The expected output is the full set of entries, retyped verbatim, pictures excluded.

[[ Source information, beginning ]]

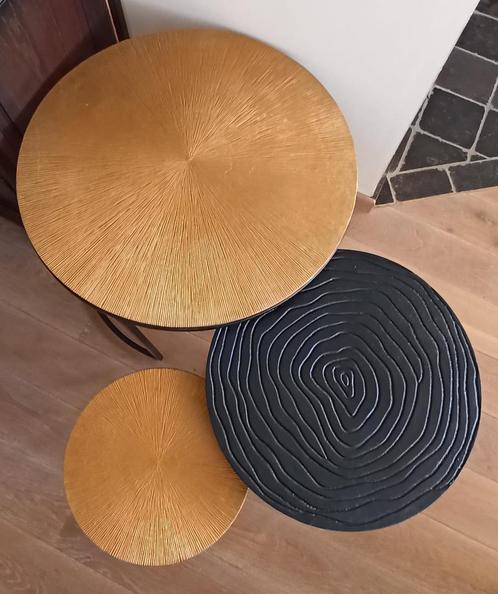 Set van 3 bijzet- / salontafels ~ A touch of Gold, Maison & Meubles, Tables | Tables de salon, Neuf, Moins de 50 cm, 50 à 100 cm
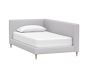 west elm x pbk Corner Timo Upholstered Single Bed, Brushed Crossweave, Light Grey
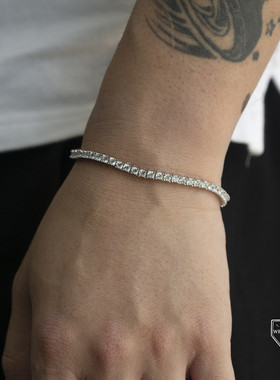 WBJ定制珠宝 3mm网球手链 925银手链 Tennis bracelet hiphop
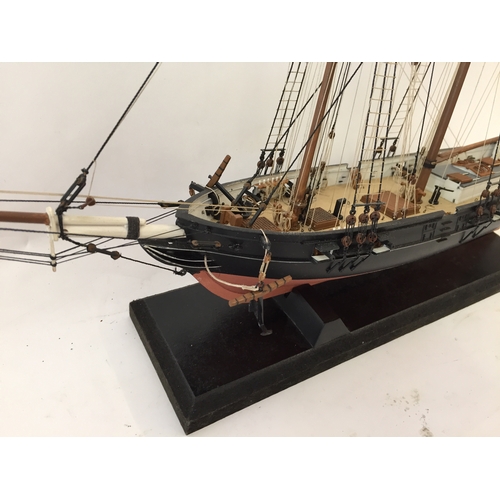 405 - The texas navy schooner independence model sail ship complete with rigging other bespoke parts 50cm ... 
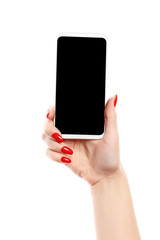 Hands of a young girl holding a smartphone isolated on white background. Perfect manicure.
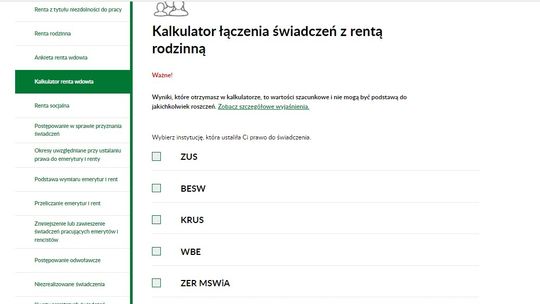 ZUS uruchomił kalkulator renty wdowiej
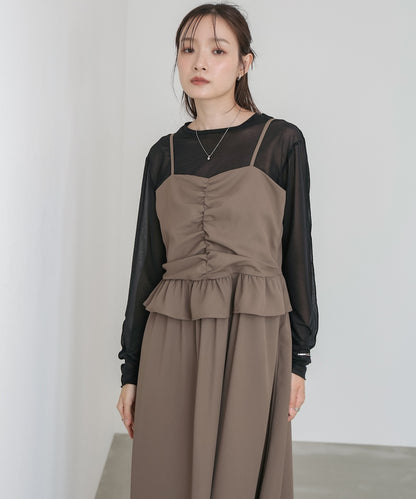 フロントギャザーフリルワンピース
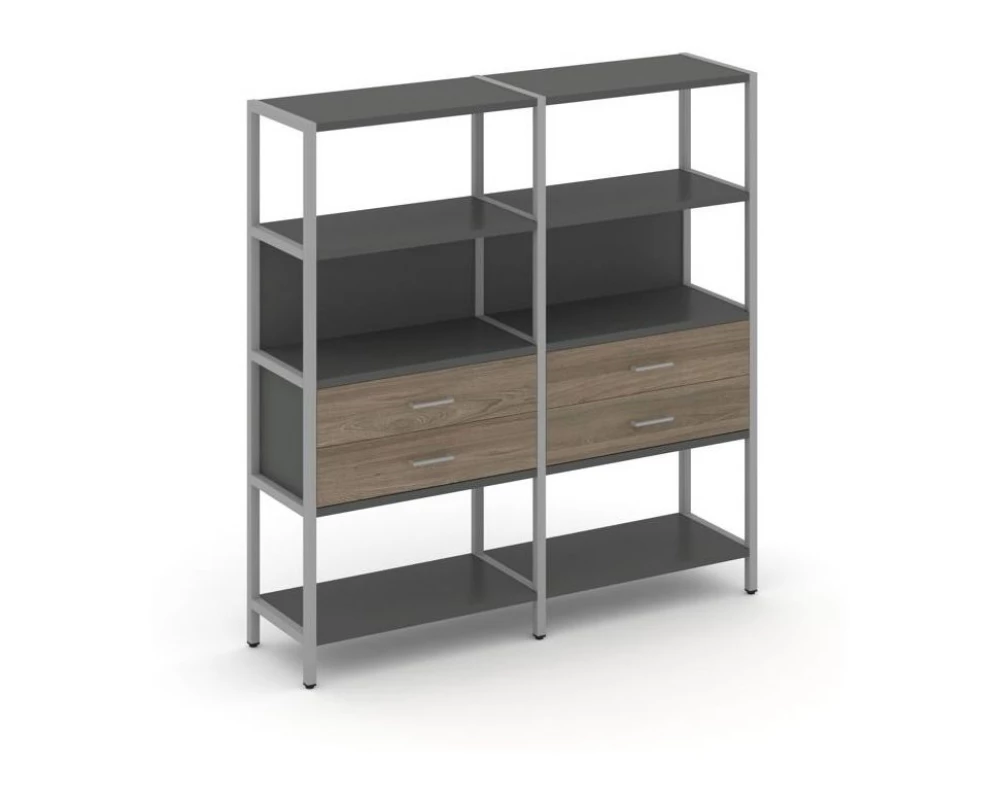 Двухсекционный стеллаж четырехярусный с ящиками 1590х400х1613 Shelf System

[[ Source information, end ]]

Result:
 Set van 3 bijzet- / salontafels ~ A touch of Gold, Maison & Meubles, Tables | Tables de salon, Neuf, Moins de 50 cm, 50 à 100 cm
 west elm x pbk Corner Timo Upholstered Single Bed, Brushed Crossweave, Light Grey
 WBJ定制珠宝 3mm网球手链 925银手链 Tennis bracelet hiphop
 405 - The texas navy schooner independence model sail ship complete with rigging other bespoke parts 50cm ... 
 Hands of a young girl holding a smartphone isolated on white background. Perfect manicure.
 ZUS uruchomił kalkulator renty wdowiej
 フロントギャザーフリルワンピース
 Двухсекционный стеллаж четырехярусный с ящиками 1590х400х1613 Shelf System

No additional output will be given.